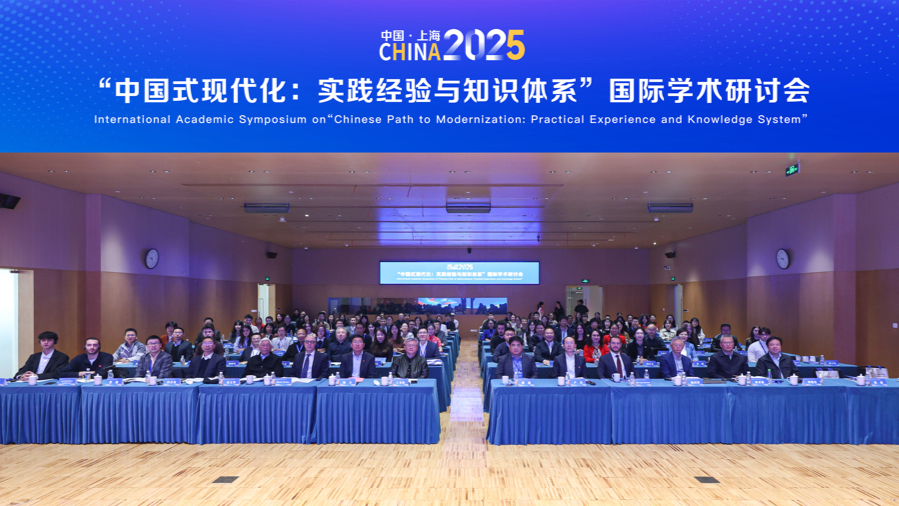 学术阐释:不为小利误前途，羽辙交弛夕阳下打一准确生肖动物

--

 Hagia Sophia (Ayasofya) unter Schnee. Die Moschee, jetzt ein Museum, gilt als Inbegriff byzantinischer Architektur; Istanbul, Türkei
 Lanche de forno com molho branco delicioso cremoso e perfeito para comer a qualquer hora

--

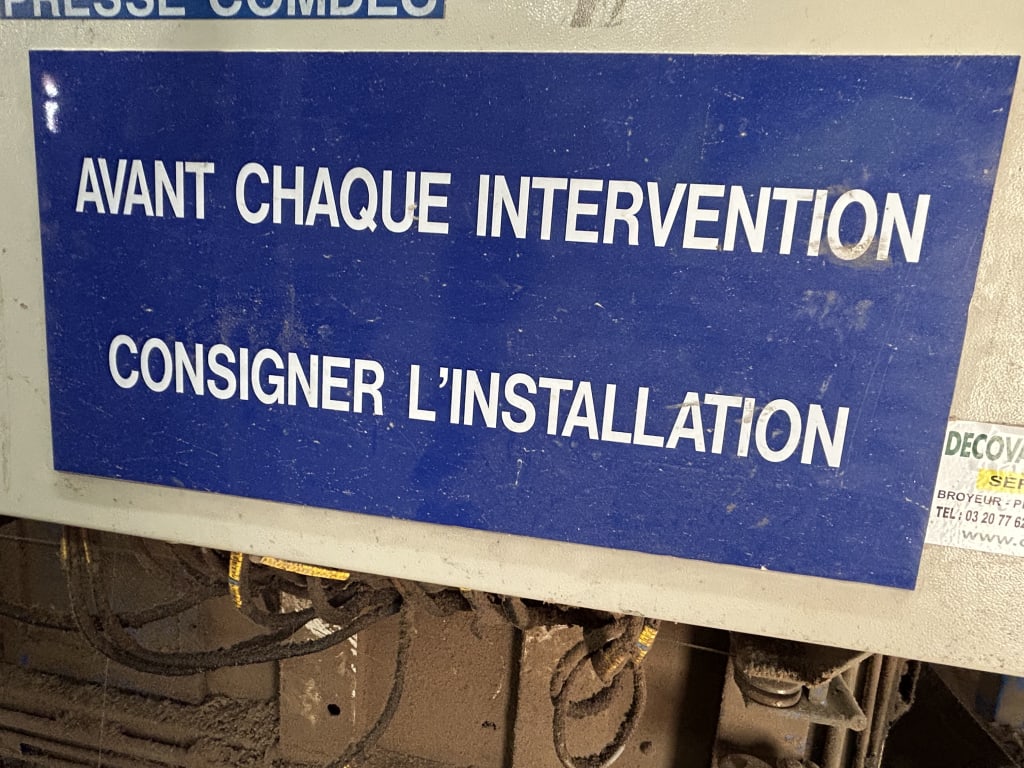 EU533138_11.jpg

[Required work] Nothing should appear in the answer except the lines above from the line with "Hagia Sophia (Ayasofya)" through the line with "Lanche de forno", both included, written out exactly.

[Completed exercise]
 Hagia Sophia (Ayasofya) unter Schnee. Die Moschee, jetzt ein Museum, gilt als Inbegriff byzantinischer Architektur; Istanbul, Türkei
 Lanche de forno com molho branco delicioso cremoso e perfeito para comer a qualquer hora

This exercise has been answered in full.